Intel today launched its new Intel Xeon Scalable processors, claiming that they sport an average 65% performance boost over its prior Broadwell chips.
The Intel Xeon Scalable Processor offers different levels of scale and performance capabilities. Options include:
- Intel Xeon Platinum Processor: Offers best performance, hardware-enhanced security, and business agility to support
mission-critical, real-time analytics, and AI, workload-optimized for general purpose compute and multi-cloud deployments, and performance for the most demanding storage and networking workloads and designed for 99.999% service availability
- Intel Xeon Gold Processor: Offers great performance, fast memory, more IO/accelerator engines, and advanced RAS for significant workload-optimized performance and platform
improvements for general purpose compute.
- Intel Xeon Silver Processor: Offers efficient performance for solid compute capability and moderate range of workloads.
- Intel Xeon Bronze Processor: Offers entry performance for light range workloads and delivers capability upgrades vs. Intel Xeon E3.
The top-end versions of the new Xeon Scalable family nudge ahead of rival AMD's recently released Epyc CPUs in performance but don't pack as much I/O. Nevertheless, AMD's Epyc and a rising tide of ARM-based server chips from Qualcomm and others are expected to find significant footholds in the broad and diverse cloud computing sector.
According to data released by Intel, the Platinum 8180 and 8160 versions of Skylake edged AMD's Epyc 7601 by 2% to 28% in performance and by 12% to 22% in performance/watt on the Specint_rate2006 benchmark. But as always, have in mind that these results could be skewed by Intel's tendency to use optimized compilers for its benchmarks compared to standard ones that AMD uses.
The high-end 8100 series packs 28 cores running at up to 3.6 GHz with up to 48 PCIe 3.0 lanes and six channels of DDR4-2666 memory.
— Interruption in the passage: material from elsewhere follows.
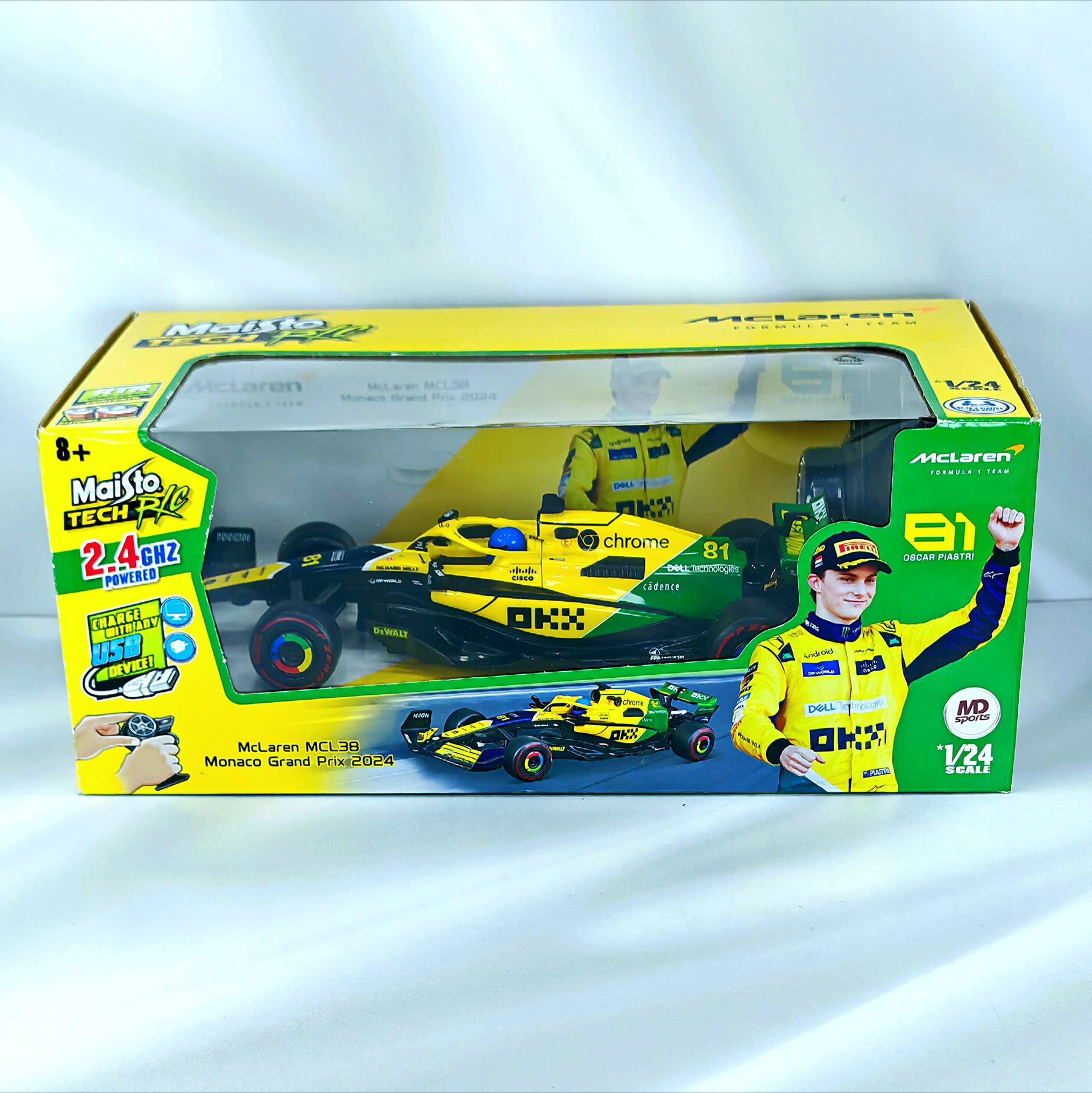 McLaren Control Remoto MCL38 Senna Livery Mónaco GP #81 Oscar Piastri Maisto 1:24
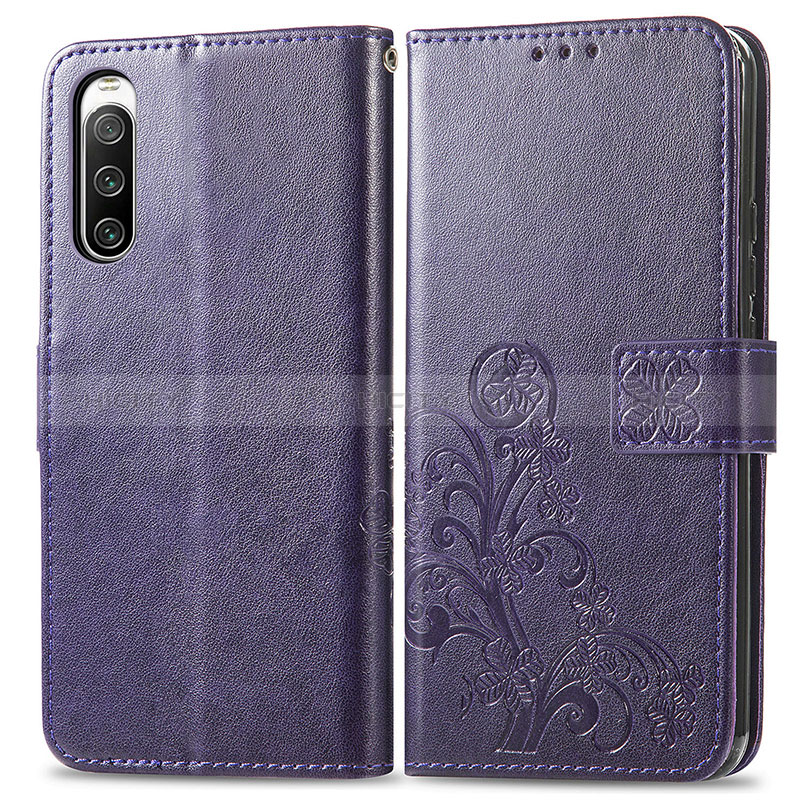 Custodia Portafoglio In Pelle Fiori Cover con Supporto per Sony Xperia 10 IV SO-52C Viola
AMD's high-end Epyc packs up to 32 cores and all nine of its family support 128 PCI Express 3.0 lanes and eight DDR4-2666 channels.
Intel showed tests with two dozen companies, each with different workloads. Results ranged from Skylake beating Broadwell chips by 1.4x for Ansys manufacturing software to 2.2x for apps using Skylake along with Intel's proprietary Optane solid-state memory drives.
Last month, AMD showed a range of benchmarks for Epyc that averaged around 45% more performance than Broadwell. However, the server sector includes a wide range of markets and requirements, many where Intel will have an edge and a few where AMD may score hits.
For example, AMD hopes to use its advantage in PCIe and DDR4 to replace dual-socket Broadwell with single-socket Epyc servers. However, Skylake's new AVX-512 vector processing extensions far outstrip Epyc's abilities in floating-point intensive jobs.
Skylake uses a single processor die with a separate I/O chip. Epyc packs four die in a package including I/O, giving AMD greater flexibility and lower cost at the expense of latency in some operations.
Skylake's gains come from a list of generally step-wise innovations, including an upgraded microarchitecture and expanded instruction set. The chips use a mesh network-on-chip that Intel says provides more bandwidth and more consistent low latencies than prior ring buses. Mesh architecture aligns cores, on-chip cache banks, memory controllers, and I/O controllers which are organized in rows and columns, with wires and switches connecting them at each intersection to allow for turns, resulting in improved performance and greater energy efficiency "similar to a well-designed highway system that lets traffic flow at the optimal speed without congestion," as Intel says.
AVX-512 doubles single- and double-precision performance to 64 and 32 flops/cycle, respectively, over the AVX2 on Broadwell. It does this while maintaining the same power levels and lowering frequency requirements of Intel's previous chips.
The extensions support up to 85.33 INT8 and 64 FP32 operations/cycle per core, boosting performance on machine-learning training and inference jobs, said Intel, adding that Skylake gives a 3.4x boost over Broadwell in integer general matrix multiply tasks.
Rather than expanding cache size, Intel revamped its approach to caching. Thus, the chips use slightly less memory but they are better optimized for data centers.
The companion I/O chip for Skylake, called Lewisburg, supports four 10G Ethernet ports compared to a single GE port for the Broadwell I/O chip. It is also the first to integrate the crypto and compression functions that Intel calls its Quick Assist technology.
Intel also boosted its processor bus, now called the Ultra Path Interconnect, from 9.6 to 10.4 GTransfers/second. It put up to three of the links on high-end chips.
The Xeon Scalable family consists of nearly 50 versions made in different variants of Intel's 14-nm process. Prices range from nearly $9,000 for eight-socket versions to about $400 for entry-level parts.
They range from consuming 205 to 70 W. The low-end bronze 3100 series uses up to eight cores running at 1.7 GHz, supporting DDR4-2133 but not dual threading.
A handful of the new devices put Intel's Omnipath interconnect in the same package as the processor for high-performance computing. Intel is sampling versions that put an FPGA in the package but won't ship the products until early next year.